This sea story requires more technical back story than usual.
Or just skip the background sections and get straight to the story below.
The “ship spec” is the bible of new construction, tells what is expected from the contractors to build the ship, to which they are evaluated at acceptance and final contract trials. As I recall, ours was about 10-12” thick. Computers were just coming into general use, and we might have had some of it as a text files, but for the most part you had to know where to dig in and read.
One of the “interesting” requirements was that the machinery control system was explicitly prohibited from “relying on shaft speed measurements to keep the plant in a safe operating condition.” This was further interpreted to mean that control system could not measure shaft speed to control shaft speed. This is like saying you cannot use a speedometer to know how fast you are going in a car. You can know what day of the week it is, how fast someone next to you is driving, what your oil pressure is, but not speed.
Reportedly, the throttle control programmer at GE told NAVSEA this would not work. He was told to read and follow the specs. So he did some interesting calculations and predictions, such as where the throttle was 10 minutes ago, outside temp, etc, and did his best. He did sneak in a low-authority loop that measured speed over minutes and had some authority to fine tune the shaft RPM.
The designer retired from GE, and left a phone number he could be reached when the Navy was ready to correct the throttles.
The apocryphal story was that some former ship class had a shaft overspeed situation, so NAVSEA did not want to rely on a single sensor for shaft speed. (But we had two speed sensors per engine, and an additional two on the reduction gear.)
The Burkes were designed as old-style sub killers. The propulsion controls were designed to make them much quieter than the 963s. With a controllable-reversible pitch propellor, as soon as the propellor comes off 100% design pitch, it starts making a lot of noise (cavitation). The 963/993/47 class maintained a minimum shaft speed of 55 RPM, which meant there was a lot of noise up to 100%.
The Burke design was to keep the engines at idle, not to add any power until the propellor reached 100% pitch. This meant that the shaft RPM would drop as pitch increased, to a minimum RPM at 100%, at which point RPMs would start to increase. This gets through the noisy slow speed areas as fast as possible, the shaft is turning slower while noisy, hence provides much quieter lower speed operation.
Since the engines stayed at idle, transitions in this region were much slower. Fundamentally, it was designed to be quiet, not optimized for slow speed formation steaming.

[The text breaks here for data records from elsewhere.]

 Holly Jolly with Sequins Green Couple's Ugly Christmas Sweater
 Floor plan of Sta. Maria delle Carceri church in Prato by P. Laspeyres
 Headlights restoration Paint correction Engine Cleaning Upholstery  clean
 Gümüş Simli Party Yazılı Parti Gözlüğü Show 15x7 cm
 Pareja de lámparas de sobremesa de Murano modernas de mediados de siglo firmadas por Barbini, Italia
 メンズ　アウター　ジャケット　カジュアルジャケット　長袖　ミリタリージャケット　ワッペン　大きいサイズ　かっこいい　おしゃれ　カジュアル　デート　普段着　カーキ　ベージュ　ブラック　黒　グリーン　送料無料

For further complication, two engines on a shaft had a completely different profile – there was more idle power, so the 100% pitch was reached at a higher speed.

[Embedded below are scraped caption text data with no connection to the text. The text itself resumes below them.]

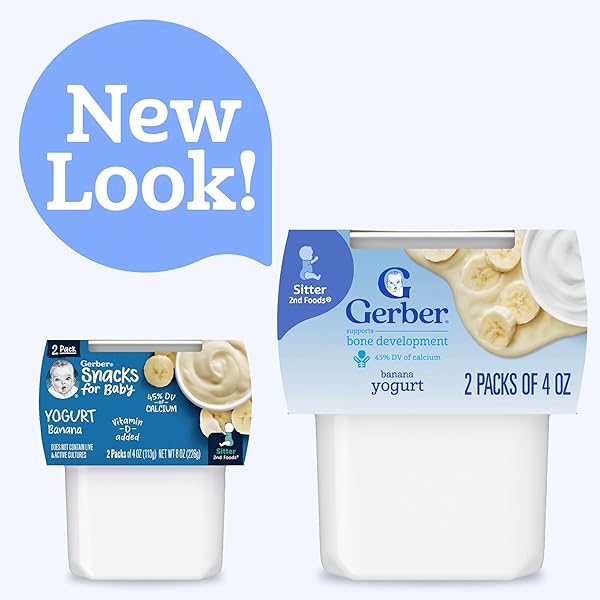 GERBER STAGE 2 BABY FOOD, BANANA YOGURT PUREE TUBS, CALCIUM SUPPORTS BONE DEVELOPMENT, BABY PUREE, 2-PACK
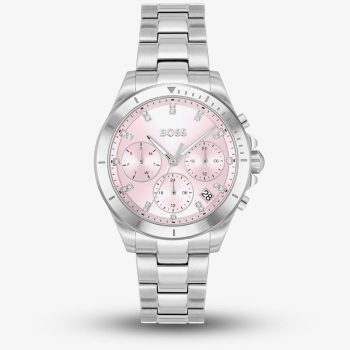 BOSS Ladies Alley Lux Crystal Pink Dial Quartz Watch 1502825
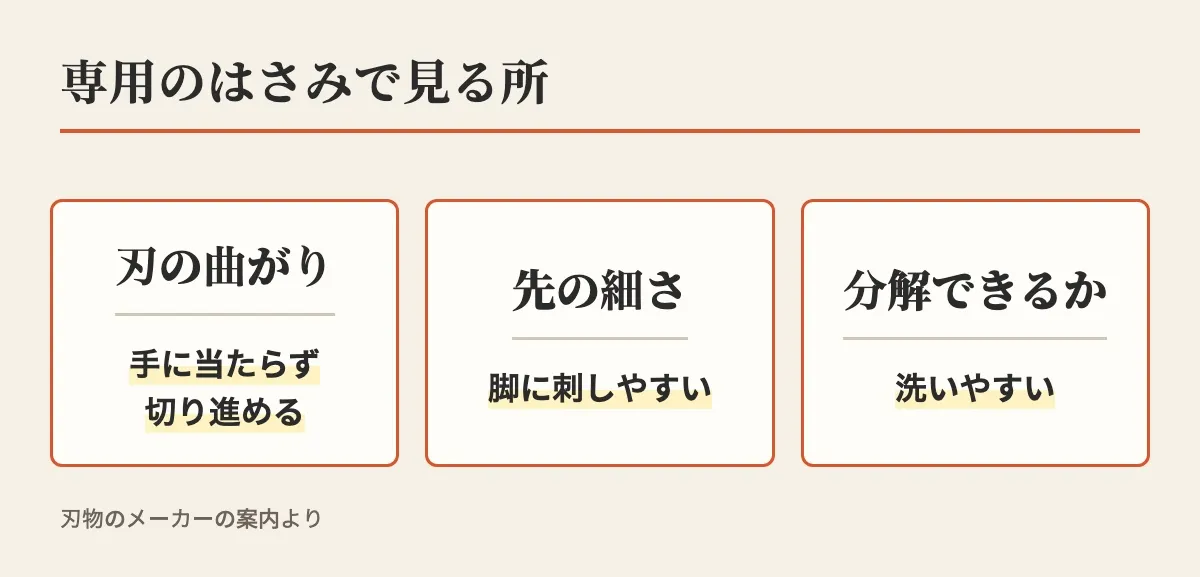 専用のはさみで見る所として、刃の曲がりは手に当たらず切り進める、先の細さは脚に刺しやすい、分解できるかは洗いやすい、の3つを示した図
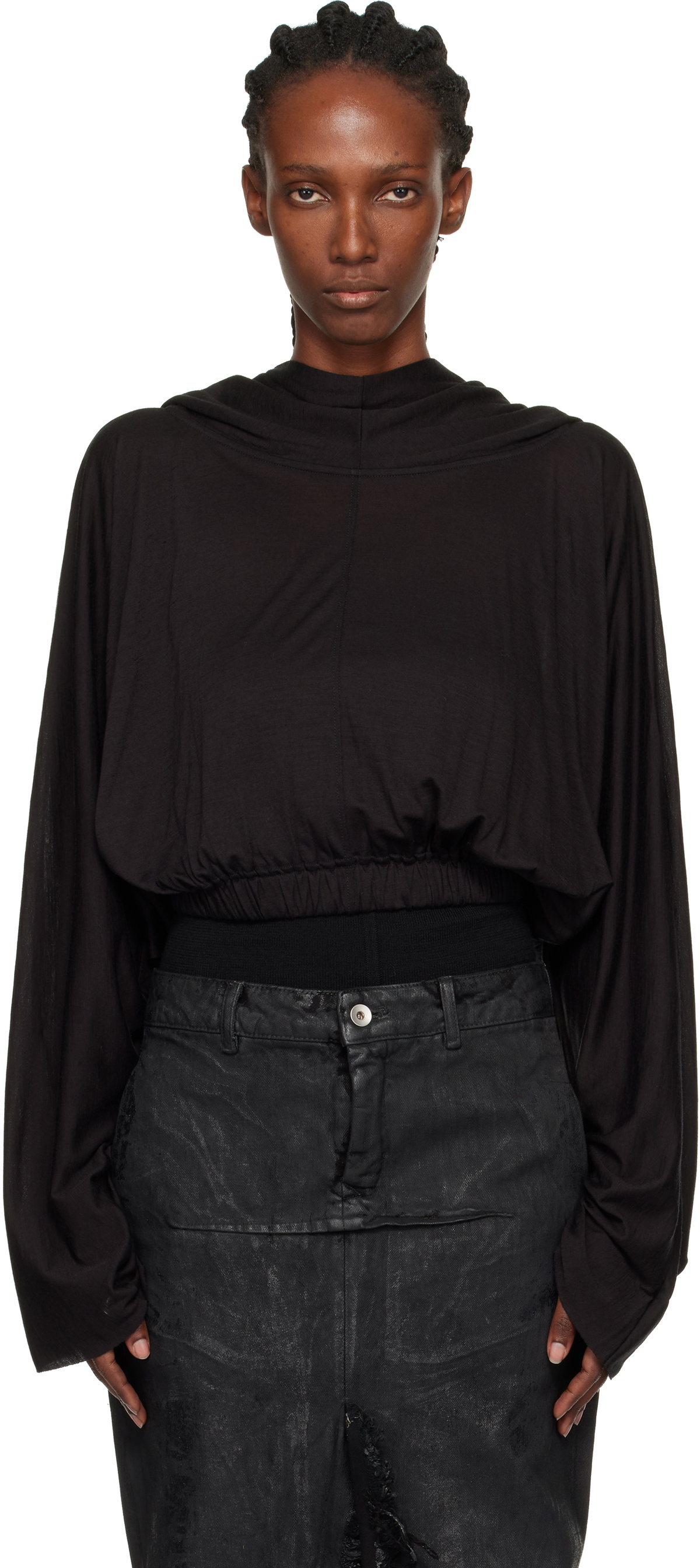 Rick Owens Black Concordians Cropped Tunic Hoodie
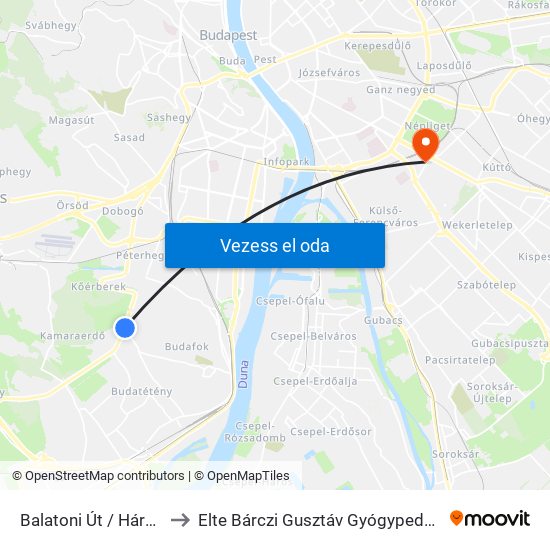 Balatoni Út / Háros Utca to Elte Bárczi Gusztáv Gyógypedagógiai Kar map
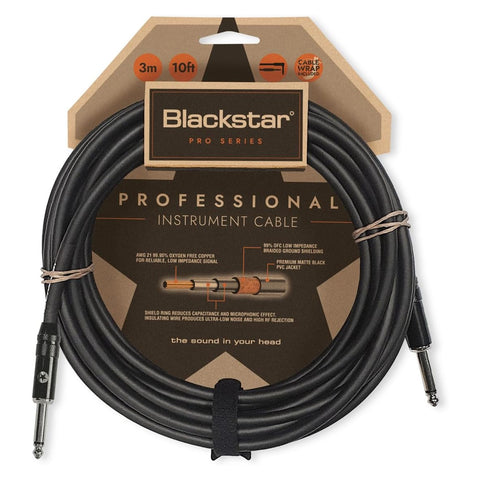 Blackstar 10ft Pro Series Instrument Cable Straight 1/4 Jack to Straight 1/4 Jack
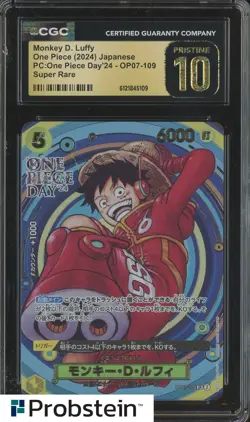 2024 Pokemon JPN One Piece Day'24 OP07-109 Monkey D. Luffy CGC 10 PRISTINE - Image 1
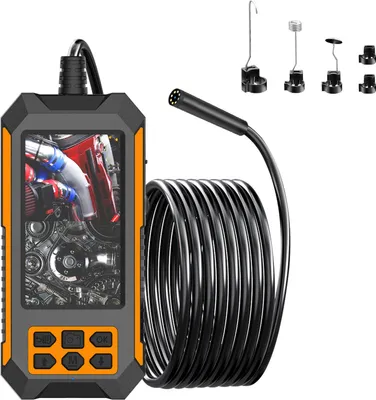 Image de Endoscope industriel, Borescope HD 1080P avec écran IPS 4.5" et 8 lumières LED ajustables, Endoscope avec caméra serpent semi-rigide 33FT, caméra d'inspection étanche IP68 8mm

And, since shaft speed dropped from 0 to 100% pitch, then started rising, there were two spots on the curve that had the same RPM, but very different speeds.
The worst intersection of the two conditions was ahead flank to a backing bell less than max astern pitch – the system would not add throttle to maintain shaft speed (which is was not monitoring anyway) – so the propellor shaft could end up rolling backwards. (Although this is one of the areas the original designer may have cheated and added some unauthorized boost.)
So we have met the two culprits – the nonsensical ship spec shaft feedback requirement, and the very intelligent quiet throttle control design.
We did not notice any issue at LBES driving into the water-brake, nor during sea trials, or the transit via Earle* to Norfolk. It was during local Norfolk ops that I started getting called to the bridge to examine throttle control problems. We would be alongside another ship, doing small boat ops, but were going 12 knots instead of the ordered 3 knots. Or vice versa. Or on a cold or hot day, we would be making nothing like the ordered speed. Some problems resulted from putting the throttle at the wrong position (i.e., picking the wrong 30 RPM position), some was from the loosey-goosey shaft control, and there was no way to know which was which cat.
* hmm, Earle reminds me of another sea story someone needs to put together
Well, background #1 and #2 may have been too subtle for some flags, one of which, after a few reports of uncertainty, ordered us tied to the pier until the system was “fixed.” NAVSSES was able to do a quick fix, called “shaft idle” which imposed a floor of 55 RPM, like the 963s, etc. The original designer was found on the beach in Daytona, said funny, he had been thinking about this, and redesigned the controls to monitor and maintain shaft RPM, still keeping the ASW quiet operation.
Rest of the story
We had two temporary propellor viewing ports, in an aft port side storeroom. You could lay on your belly to look out the windows at the port propellor. Most effective in clean Caribbean waters. The design intent was easily visible – at the slowest 100% pitch position, the propellor was clean. Drop pitch slightly, and the cavitation was instantly visible and felt through your belly. Same flag officer that tied us up laid on his floor in SR#3 for several hours, relaying orders to the bridge and watching the results.
The viewing ports were removed in PSA.
I always thought if we really needed to hunt subs, we would have had an ASW mode that locked pitch at 100% and avoid putting the noise knuckle in the water. Problem was that sub hunting actually was a minimal part of ship employment, sometimes controllability was more important.